Tony Avelar/Christian Science Monitor/Getty Images
Zack Beauchamp is a senior correspondent at Vox, where he covers ideology and challenges to democracy, both at home and abroad. Before coming to Vox in 2014, he edited TP Ideas, a section of Think Progress devoted to the ideas shaping our political world.

The basic premise of the Obama Administration's drone program is that decapitation, the killing of a terrorist organization's top leadership, works. Killing al-Qaeda's leadership should, in theory, limit the organization's ability to plot attacks on the US and its allies.

But what if that's not true? That's the core finding of a just-published study in the prestigious journal International Security. In it, Georgia Tech professor Jenna Jordan takes a look at the history of targeting terrorist leaders and draws lessons for the fight against al-Qaeda. According to Jordan, believing that targeted killing can actually weaken al-Qaeda means assuming al-Qaeda depends on a group of charismatic leaders. But that's wrong, and that mistaken assumption has led the Obama Administration to pursue a strategy centered on targeting al-Qaeda's leadership with drones when it'd really be better to cut down on targeted killings altogether.

Define al-Qaeda by its bureaucracy, not its leaders

There are basically two ways to run a terrorist group. "Charismatic" groups have one inspirational, powerful leader whose skills and leadership are essential to the group's operations. Think Joseph Kony and the Lord's Resistance Army.

By contrast, "bureaucratic" groups have something resembling an org chart. They may be loosely organized at the lower levels, but there's something like a command structure, division of labor, clear assignment of responsibilities, and the like. Violent extremism run by MBAs, essentially.

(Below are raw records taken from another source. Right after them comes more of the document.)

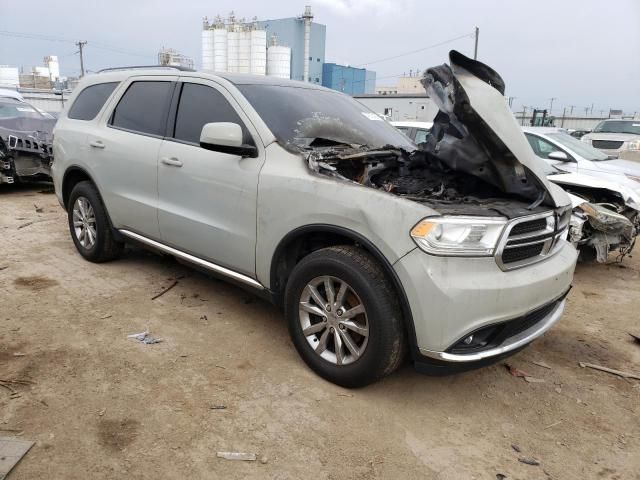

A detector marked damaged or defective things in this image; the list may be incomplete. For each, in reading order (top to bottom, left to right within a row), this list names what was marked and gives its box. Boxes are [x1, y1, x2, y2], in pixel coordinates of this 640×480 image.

damaged car in background [0, 94, 55, 185]
fire-damaged paint [0, 97, 55, 186]
burnt hood [422, 50, 568, 208]
damaged hood [422, 50, 568, 208]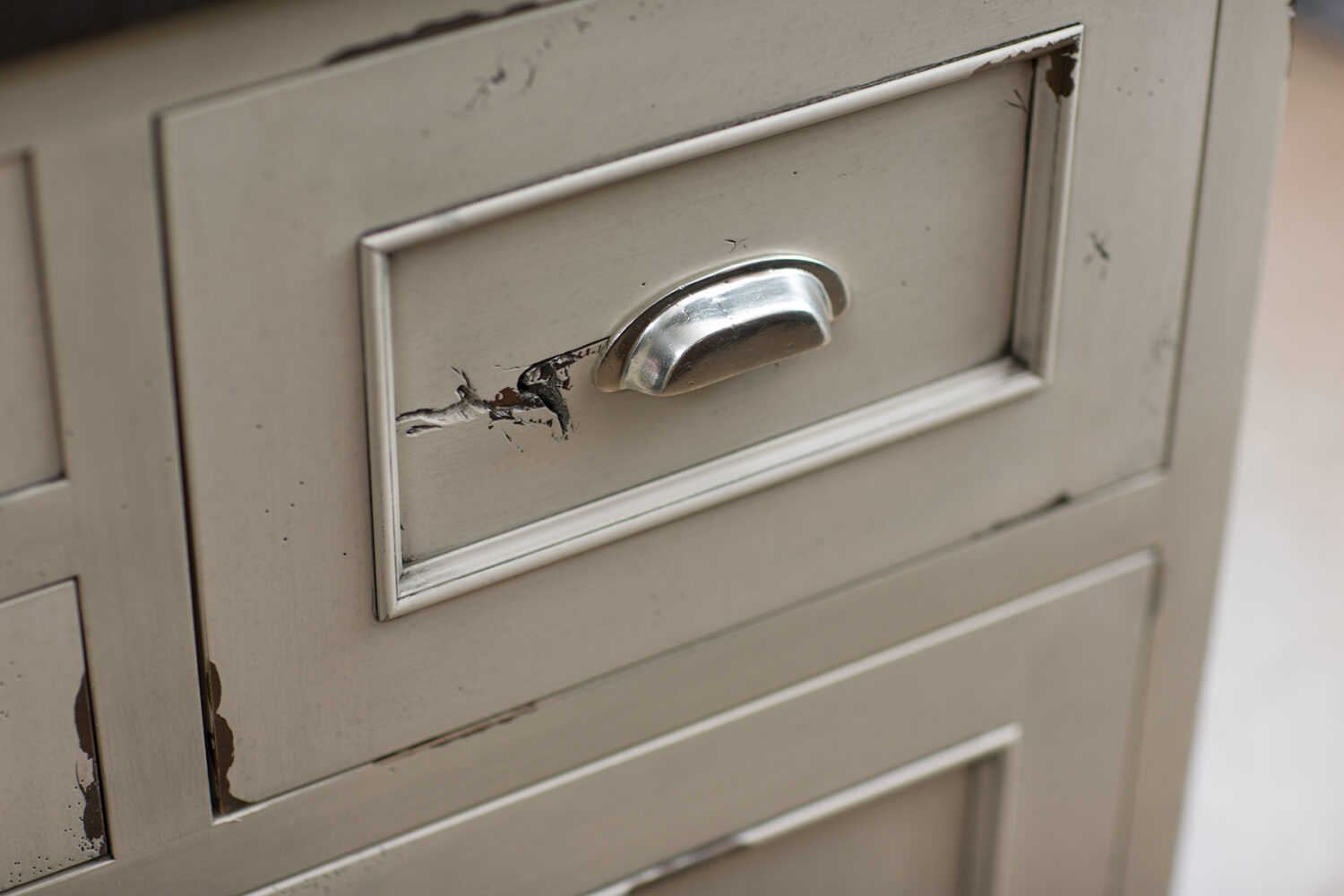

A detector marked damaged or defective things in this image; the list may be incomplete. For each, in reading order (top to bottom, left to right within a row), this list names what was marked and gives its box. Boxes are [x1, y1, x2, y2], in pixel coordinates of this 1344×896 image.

chipped paint [398, 337, 609, 439]
chipped paint [205, 659, 253, 814]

Jordan makes a compelling case that the Obama administration is treating al-Qaeda as a charismatic group — hence the big focus on killing its top leaders, which means using drones — when she argues that is in fact a bureaucratic group, for which targeting individual leaders is a lot less useful.

Al-Qaeda has bylaws defining "the group's goals, principles, voting laws, processes for airing grievances, the importance of reports, details on organizational structure, members' duties, leadership responsibilities, financial policies, budgetary requirements, and policies for different committees."

US government assessments and declassified al-Qaeda documents show that these bylaws actually matter. al-Qaeda central in Pakistan exercises some real control over its affiliate groups in other places targeted by drone strikes like Yemen and Somalia. Moreover, those groups have their own internal hierarchies and rules. This is all strong evidence that the group is run bureaucratically, which makes it more able to absorb the loss of individual senior leaders.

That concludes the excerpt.